Ministers' obsession with spin means that academic studies which failed to support government policies were being suppressed, said the criminologists, many of whom have worked for the Government.

One former Home Office researcher is so concerned about the distortion of research that he has called for a boycott of Home Office research.

The Home Office spends £20m on research papers each year, which are supposed to offer independent analysis of subjects such as crime and asylum so that appropriate policy can be drawn up in response.

In one paper, the Keele University criminologist Professor Tim Hope revealed that research he carried out into an anti-burglary project showed it would have increased the level of crime by almost two-fifths. This result was "something of an embarrassment" to the Home Office, which never publicly commented on it and did not select the findings for a full report, said Professor Hope. "It was with great sadness and regret that I saw our work ill-used and our faith in Government's use of evidence traduced."

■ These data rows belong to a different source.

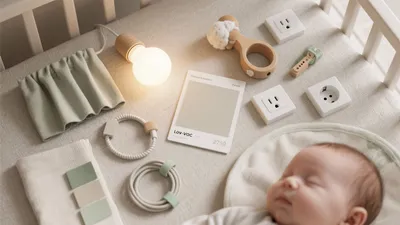 Soothing Baby Nursery Design with Soft Neutrals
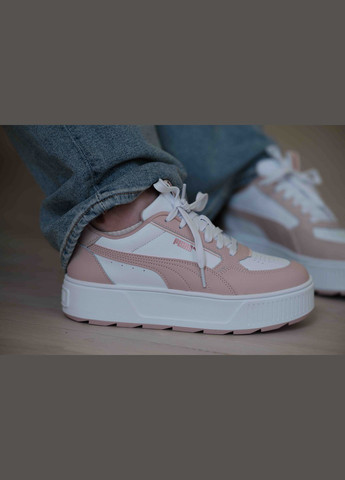Кеди Karmen Rebelle Puma білі (323160502)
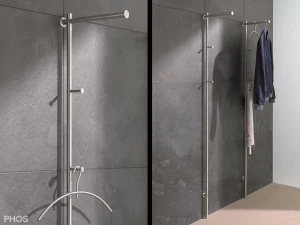 GL3 Г-образная вешалка для прихожей для настенного монтажа PHOS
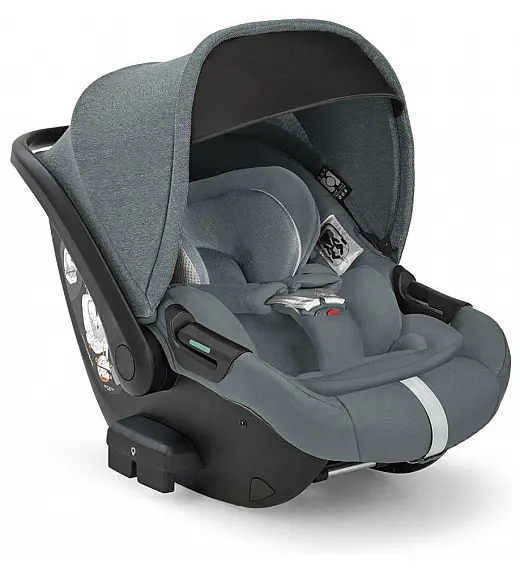 I-Size Avtosedez DARWIN RECLINE Union Grey 40-75 cm Inglesina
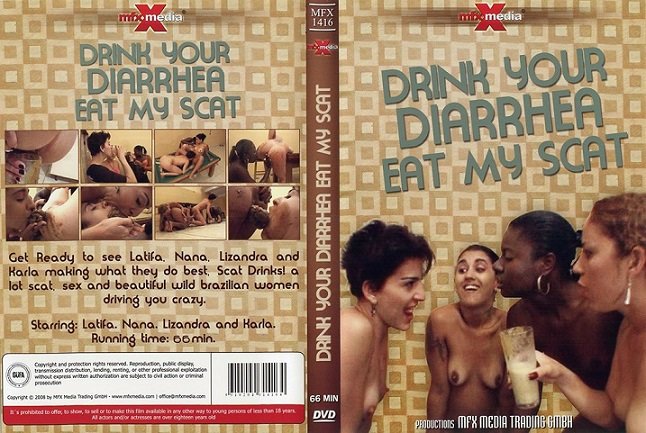 MFX-1416 Drink your Diarrhea, Eat my Scat [DVDRip]  2021 (Actress: Latifa, Nana, Lizandra, Karla)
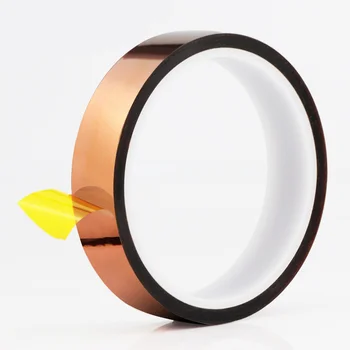 

Length Heat Resistant Polyimide Tape kapton Tape Drive High Temperature Insulation Adhesive Tape 3MM 5MM 8MM 10MM Wide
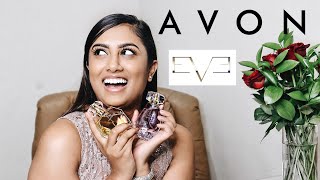 AVON EVE Alluring vs Confidence  PerfumeFragrance Review [upl. by Lira]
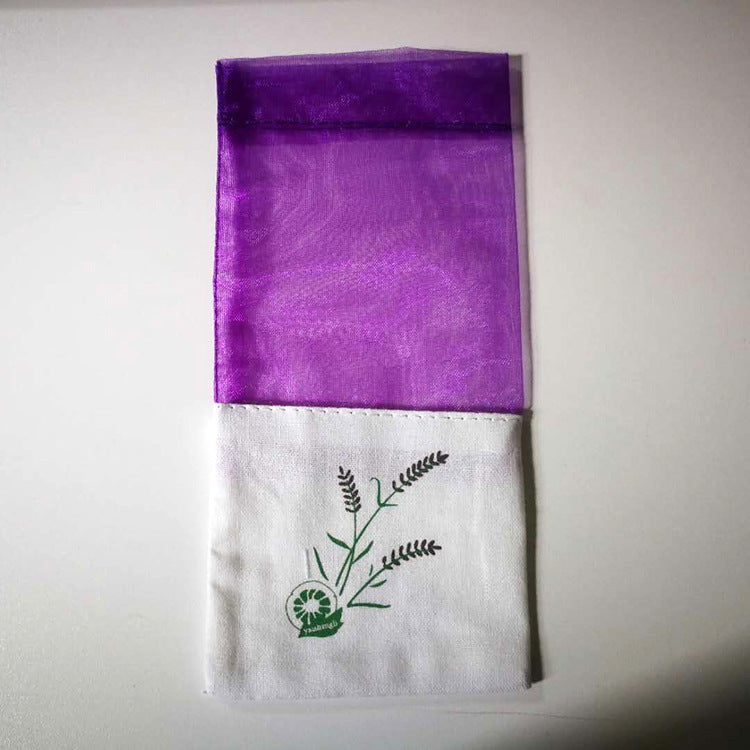 Lavender Rose Bag Car Wardrobe Sachet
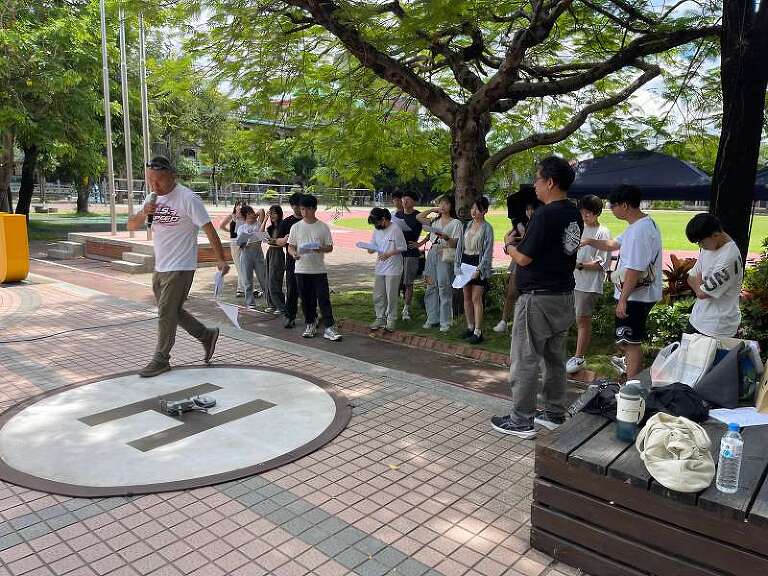 無人機考照教學︱文藻傳播藝術系64A85ADF-ACED-45B6-8841-A0DCC55A1CAD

The Home Office commissioned further research on the same anti-burglary scheme - which focused on making homes more secure - and analysed it using different techniques.

"Through various manipulations of the data, the Home Office method does what it can to capitalise on chance, producing much more favourable findings overall," said Professor Hope. "But for individual projects, the method produces considerable distortion."

Dr Reece Walters, a senior lecturer at Stirling University, accuses the Home Office of "rubber-stamping the political priorities of the government of the day" and calls for a boycott of Home Office research. Dr Walters writes: "Its research agenda is motivated by outcomes that are of immediate benefit to existing political demands. It is embedded criminology."Another writer claimed that an influential study which is being used to support millions of pounds of public spending was "flawed". Paul Marchant, a chartered statistician, of Leeds Metropolitan University, criticised a 2002 Home Office report which concluded that better street lighting led to reduced crime.

"My ongoing debate with the authors and the government body involved is that the use of statistical methods in this study lacks sufficient rigour and so the claim is not supported by the data," he said.

The criminologists' papers were published in Criminal Justice Matters, the magazine of the Centre for Crime and Justice Studies at King's College London.

A Home Office spokesman said: "The Home Office has not yet seen these allegations. However, our research is commissioned from leading scholars, as a result of competitive tendering, and is subject to external and independent peer review. Nevertheless, the Home Secretary has been concerned for some time that Home Office statistics about crime have been questioned and challenged."